Hello again, this is Processing Archivist Kathleen Carter with more information on progress of the Alofsin archive.
As the processing of this collection comes to a close (things are nearly complete!) I’ve been at work on two standout areas of the collection: Anthony Alofsin’s student work from his years studying architecture at Harvard University and Columbia University and his professional work as an architect. In step with materials I’ve already processed, both contain a wealth of information and a large number of stunning visual materials. These are also the areas of the collection that contain the largest number of drawings by Alofsin, which currently fill a flat file cabinet.
Alofsin attended the Harvard Graduate School of Design (GSD) from 1978-1981 and began researching the history of the GSD and design pedagogy there (which eventually led to his book on the history of the GSD, The Struggle for Modernism, published in 2002). The archive includes his course notes and design work, including architectural sketches and drawings and a model built as one of his first projects for the school. The Alofsin archive also includes notes and work created during his time at the Department of Art History and Archaeology at Columbia University, where he received Master of Philosophy and Ph.D. degrees. It was there that Alofsin began his research on Frank Lloyd Wright, and his doctoral dissertation was on Wright’s connections to Europe.
After completing his education and in addition to his teaching position with the School of Architecture at The University of Texas at Austin, Alofsin worked professionally as an architect.

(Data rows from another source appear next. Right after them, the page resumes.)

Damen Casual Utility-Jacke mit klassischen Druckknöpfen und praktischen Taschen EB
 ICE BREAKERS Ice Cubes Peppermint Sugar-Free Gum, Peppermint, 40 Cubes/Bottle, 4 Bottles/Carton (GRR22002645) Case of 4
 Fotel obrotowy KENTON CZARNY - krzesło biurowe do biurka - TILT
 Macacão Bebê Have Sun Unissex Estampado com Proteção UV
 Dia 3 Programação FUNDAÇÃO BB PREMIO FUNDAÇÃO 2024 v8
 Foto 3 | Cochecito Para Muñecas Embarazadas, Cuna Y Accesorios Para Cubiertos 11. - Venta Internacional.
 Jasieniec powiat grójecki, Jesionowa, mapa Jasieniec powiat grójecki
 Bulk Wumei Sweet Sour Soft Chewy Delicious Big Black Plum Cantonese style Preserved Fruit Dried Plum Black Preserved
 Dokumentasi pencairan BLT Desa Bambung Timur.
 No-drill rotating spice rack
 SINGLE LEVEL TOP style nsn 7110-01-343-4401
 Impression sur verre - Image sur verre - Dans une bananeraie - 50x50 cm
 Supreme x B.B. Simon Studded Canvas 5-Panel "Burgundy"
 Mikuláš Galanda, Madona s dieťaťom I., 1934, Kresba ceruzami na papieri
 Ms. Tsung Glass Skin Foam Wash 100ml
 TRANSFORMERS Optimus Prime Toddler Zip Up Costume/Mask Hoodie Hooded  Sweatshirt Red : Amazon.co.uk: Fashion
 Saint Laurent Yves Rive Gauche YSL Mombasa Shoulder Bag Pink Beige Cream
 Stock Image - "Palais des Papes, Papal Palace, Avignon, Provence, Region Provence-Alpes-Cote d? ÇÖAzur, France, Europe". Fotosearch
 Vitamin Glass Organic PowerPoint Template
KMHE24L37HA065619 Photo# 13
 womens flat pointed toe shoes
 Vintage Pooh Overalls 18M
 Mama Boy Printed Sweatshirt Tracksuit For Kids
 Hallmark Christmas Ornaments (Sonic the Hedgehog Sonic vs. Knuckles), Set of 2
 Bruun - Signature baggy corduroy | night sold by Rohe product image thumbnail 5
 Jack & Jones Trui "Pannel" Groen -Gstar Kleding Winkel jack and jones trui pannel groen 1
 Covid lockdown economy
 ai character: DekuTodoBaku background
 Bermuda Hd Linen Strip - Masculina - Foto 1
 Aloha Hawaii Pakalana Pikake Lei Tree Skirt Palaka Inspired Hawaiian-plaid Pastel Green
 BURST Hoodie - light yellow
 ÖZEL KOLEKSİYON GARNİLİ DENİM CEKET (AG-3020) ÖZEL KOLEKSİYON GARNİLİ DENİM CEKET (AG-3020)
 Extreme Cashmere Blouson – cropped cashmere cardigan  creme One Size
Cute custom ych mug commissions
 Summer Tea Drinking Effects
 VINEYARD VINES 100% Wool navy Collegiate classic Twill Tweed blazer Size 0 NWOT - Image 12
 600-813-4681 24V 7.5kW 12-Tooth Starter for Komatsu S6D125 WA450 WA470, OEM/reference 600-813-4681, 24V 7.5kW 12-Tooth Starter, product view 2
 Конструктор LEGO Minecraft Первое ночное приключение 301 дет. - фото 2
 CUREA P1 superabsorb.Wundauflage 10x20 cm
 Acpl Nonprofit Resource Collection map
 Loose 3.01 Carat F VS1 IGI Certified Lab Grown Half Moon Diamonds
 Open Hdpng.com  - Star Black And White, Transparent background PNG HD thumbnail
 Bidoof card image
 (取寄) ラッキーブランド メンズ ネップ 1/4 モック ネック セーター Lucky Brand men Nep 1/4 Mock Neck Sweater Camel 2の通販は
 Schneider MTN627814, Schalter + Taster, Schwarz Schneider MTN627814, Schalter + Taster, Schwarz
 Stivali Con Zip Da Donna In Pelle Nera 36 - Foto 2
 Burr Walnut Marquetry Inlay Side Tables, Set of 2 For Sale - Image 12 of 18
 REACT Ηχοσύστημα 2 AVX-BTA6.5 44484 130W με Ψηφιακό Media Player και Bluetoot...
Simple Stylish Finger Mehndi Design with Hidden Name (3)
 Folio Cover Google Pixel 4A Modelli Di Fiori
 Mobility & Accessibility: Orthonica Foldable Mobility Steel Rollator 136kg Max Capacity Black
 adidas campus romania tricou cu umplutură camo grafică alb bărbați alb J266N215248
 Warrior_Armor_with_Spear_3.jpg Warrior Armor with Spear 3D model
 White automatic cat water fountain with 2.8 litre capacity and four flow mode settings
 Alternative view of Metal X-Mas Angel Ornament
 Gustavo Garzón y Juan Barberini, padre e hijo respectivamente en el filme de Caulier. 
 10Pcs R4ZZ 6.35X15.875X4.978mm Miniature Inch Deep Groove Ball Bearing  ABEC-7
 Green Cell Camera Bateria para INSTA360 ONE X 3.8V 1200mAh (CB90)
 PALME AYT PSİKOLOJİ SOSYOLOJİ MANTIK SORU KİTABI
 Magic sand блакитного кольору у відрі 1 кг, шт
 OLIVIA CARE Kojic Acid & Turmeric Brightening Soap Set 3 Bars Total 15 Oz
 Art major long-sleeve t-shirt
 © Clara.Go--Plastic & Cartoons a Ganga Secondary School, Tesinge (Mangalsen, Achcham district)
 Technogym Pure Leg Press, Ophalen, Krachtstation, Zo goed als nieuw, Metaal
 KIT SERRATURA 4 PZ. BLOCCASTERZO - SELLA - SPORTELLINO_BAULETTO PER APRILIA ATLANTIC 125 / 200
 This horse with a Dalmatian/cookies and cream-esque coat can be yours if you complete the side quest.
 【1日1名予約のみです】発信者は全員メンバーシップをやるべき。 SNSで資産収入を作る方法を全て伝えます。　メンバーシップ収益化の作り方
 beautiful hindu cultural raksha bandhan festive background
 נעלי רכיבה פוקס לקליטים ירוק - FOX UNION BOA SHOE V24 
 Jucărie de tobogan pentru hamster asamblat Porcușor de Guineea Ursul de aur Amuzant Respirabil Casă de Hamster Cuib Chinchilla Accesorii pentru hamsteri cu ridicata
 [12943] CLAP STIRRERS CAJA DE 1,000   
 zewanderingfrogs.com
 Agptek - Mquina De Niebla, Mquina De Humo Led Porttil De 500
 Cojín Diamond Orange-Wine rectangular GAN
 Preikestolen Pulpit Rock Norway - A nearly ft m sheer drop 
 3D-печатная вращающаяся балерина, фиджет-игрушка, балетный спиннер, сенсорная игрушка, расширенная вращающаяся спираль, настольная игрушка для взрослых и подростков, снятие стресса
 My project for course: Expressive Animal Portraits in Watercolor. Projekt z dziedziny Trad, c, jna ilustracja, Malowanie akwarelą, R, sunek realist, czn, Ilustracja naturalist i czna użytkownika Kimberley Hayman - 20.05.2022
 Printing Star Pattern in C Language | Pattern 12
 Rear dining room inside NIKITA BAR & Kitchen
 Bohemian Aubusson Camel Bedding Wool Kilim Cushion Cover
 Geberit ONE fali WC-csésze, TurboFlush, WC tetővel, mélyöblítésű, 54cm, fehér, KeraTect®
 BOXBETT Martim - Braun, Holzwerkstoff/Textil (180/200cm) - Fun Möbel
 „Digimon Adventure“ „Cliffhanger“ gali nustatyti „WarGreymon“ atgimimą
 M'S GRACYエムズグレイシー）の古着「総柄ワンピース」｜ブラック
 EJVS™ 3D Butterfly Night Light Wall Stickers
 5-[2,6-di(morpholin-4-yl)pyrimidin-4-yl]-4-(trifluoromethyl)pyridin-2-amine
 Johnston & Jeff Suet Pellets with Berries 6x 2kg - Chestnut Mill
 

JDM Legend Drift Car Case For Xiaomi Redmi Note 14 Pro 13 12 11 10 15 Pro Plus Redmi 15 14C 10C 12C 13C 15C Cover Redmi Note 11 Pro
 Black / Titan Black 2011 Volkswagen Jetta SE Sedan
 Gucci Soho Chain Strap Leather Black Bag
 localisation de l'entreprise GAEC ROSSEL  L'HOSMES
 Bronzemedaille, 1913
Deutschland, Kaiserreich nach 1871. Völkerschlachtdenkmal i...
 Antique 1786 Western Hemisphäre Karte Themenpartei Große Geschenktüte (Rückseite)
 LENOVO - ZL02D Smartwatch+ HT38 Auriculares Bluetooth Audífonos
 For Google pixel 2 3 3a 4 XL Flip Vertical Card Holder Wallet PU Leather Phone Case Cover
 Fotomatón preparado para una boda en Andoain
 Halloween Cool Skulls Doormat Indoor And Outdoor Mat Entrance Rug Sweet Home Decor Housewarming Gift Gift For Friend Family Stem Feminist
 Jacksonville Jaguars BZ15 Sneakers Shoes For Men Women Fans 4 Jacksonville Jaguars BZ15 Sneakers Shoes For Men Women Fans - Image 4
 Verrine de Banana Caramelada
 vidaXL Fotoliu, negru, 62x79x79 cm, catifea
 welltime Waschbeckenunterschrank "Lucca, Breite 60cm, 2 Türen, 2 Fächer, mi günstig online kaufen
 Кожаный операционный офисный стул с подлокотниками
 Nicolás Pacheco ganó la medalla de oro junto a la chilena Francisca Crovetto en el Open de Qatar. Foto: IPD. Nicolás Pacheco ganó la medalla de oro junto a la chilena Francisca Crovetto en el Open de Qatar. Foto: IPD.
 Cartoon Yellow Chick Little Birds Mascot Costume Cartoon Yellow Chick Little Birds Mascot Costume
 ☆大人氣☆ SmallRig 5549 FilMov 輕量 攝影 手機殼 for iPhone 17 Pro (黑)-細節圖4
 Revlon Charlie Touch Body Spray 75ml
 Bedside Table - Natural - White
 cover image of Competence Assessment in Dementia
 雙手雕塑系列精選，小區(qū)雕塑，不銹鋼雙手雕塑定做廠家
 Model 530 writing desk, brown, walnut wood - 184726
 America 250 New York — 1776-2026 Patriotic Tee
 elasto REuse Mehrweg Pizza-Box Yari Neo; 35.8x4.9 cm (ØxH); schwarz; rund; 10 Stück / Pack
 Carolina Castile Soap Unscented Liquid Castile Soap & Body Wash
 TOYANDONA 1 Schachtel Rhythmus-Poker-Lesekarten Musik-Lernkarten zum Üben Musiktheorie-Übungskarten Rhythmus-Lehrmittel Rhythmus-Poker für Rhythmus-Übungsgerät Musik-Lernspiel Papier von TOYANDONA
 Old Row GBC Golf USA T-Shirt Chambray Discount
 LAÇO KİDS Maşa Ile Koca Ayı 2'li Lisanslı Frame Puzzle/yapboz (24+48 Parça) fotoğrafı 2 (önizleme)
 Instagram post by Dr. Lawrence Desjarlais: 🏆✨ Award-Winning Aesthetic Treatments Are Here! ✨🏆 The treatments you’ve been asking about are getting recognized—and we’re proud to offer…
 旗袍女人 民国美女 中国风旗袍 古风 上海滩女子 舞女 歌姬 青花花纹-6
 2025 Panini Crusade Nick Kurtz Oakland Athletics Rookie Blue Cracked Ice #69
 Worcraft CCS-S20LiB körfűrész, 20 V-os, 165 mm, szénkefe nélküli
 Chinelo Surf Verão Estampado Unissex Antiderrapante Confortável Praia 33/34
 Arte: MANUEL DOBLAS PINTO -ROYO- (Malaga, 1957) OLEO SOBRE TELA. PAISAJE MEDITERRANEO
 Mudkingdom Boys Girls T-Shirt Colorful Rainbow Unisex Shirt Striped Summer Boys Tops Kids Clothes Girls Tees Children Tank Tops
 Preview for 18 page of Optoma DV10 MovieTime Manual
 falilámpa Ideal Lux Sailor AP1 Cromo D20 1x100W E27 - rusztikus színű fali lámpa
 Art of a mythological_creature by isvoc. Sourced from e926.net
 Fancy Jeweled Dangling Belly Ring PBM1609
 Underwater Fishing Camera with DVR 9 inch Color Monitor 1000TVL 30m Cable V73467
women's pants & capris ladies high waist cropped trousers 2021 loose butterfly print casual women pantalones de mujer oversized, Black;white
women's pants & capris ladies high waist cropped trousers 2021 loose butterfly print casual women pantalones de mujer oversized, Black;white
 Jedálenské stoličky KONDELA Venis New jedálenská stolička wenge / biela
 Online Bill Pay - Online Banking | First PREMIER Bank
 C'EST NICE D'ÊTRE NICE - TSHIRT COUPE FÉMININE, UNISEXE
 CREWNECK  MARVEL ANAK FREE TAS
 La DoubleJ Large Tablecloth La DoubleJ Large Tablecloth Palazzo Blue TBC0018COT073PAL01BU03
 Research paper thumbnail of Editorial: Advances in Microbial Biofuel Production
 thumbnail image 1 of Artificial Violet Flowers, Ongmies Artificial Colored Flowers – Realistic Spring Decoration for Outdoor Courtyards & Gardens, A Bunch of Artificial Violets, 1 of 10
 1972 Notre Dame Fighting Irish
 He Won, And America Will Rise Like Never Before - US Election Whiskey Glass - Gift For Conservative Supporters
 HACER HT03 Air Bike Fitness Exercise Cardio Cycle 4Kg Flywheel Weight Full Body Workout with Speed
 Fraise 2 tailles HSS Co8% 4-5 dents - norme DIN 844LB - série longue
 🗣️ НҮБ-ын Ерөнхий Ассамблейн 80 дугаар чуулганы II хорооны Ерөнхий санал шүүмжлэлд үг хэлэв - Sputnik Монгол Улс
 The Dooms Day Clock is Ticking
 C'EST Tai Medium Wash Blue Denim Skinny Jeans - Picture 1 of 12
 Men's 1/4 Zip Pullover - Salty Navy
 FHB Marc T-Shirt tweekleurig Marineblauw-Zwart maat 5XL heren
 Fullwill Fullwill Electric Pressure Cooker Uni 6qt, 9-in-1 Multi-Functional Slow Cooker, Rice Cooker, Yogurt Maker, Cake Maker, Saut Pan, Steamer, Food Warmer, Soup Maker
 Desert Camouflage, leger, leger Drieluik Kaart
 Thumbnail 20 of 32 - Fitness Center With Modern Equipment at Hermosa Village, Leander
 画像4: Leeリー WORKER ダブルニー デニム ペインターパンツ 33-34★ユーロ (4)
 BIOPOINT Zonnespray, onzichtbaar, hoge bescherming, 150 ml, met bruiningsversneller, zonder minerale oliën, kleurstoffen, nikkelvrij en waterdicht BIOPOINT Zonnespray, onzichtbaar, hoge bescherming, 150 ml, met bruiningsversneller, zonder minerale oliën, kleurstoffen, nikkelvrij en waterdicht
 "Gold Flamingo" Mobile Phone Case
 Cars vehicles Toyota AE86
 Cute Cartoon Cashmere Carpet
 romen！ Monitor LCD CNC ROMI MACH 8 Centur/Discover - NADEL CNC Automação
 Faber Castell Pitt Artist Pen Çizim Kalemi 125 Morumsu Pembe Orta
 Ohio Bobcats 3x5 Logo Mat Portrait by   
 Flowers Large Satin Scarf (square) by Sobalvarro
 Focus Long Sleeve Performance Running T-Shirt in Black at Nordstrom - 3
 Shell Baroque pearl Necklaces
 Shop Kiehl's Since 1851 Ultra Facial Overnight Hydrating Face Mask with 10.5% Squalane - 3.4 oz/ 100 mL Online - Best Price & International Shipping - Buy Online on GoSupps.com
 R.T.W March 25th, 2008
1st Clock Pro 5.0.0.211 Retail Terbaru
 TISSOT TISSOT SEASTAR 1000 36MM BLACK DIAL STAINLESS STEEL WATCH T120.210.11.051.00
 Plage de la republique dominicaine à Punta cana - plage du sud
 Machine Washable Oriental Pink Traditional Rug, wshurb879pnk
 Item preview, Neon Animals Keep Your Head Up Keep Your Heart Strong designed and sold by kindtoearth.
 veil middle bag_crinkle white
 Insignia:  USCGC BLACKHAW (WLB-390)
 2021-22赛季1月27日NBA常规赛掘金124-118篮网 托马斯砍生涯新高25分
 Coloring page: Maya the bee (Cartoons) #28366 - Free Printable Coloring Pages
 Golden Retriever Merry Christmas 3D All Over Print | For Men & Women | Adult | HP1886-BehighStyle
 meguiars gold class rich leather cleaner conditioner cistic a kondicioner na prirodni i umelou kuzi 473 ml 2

He designed his own residences, including a house and condominium in Austin, Texas, in addition to building homes for clients. This year he was named a Fellow of the American Institute of Architects (FAIA), the highest membership honor reserved for architects who have made substantial contributions to the field.
Architectural plans as well as reports and documentation from every stage of the design process are included in the Alofsin archive. As with previous materials, I have carefully rehoused and inventoried all of the materials regarding Alofsin’s professional work. Both his student work and his professional work are organized and have been described in the finding aid of the collection to be available to researchers.
With these parts of the archive rehoused and inventoried, the project is getting close to completion! Remaining are some of Alofsin’s personal correspondence and administrative documents from his work as professor with the School of Architecture.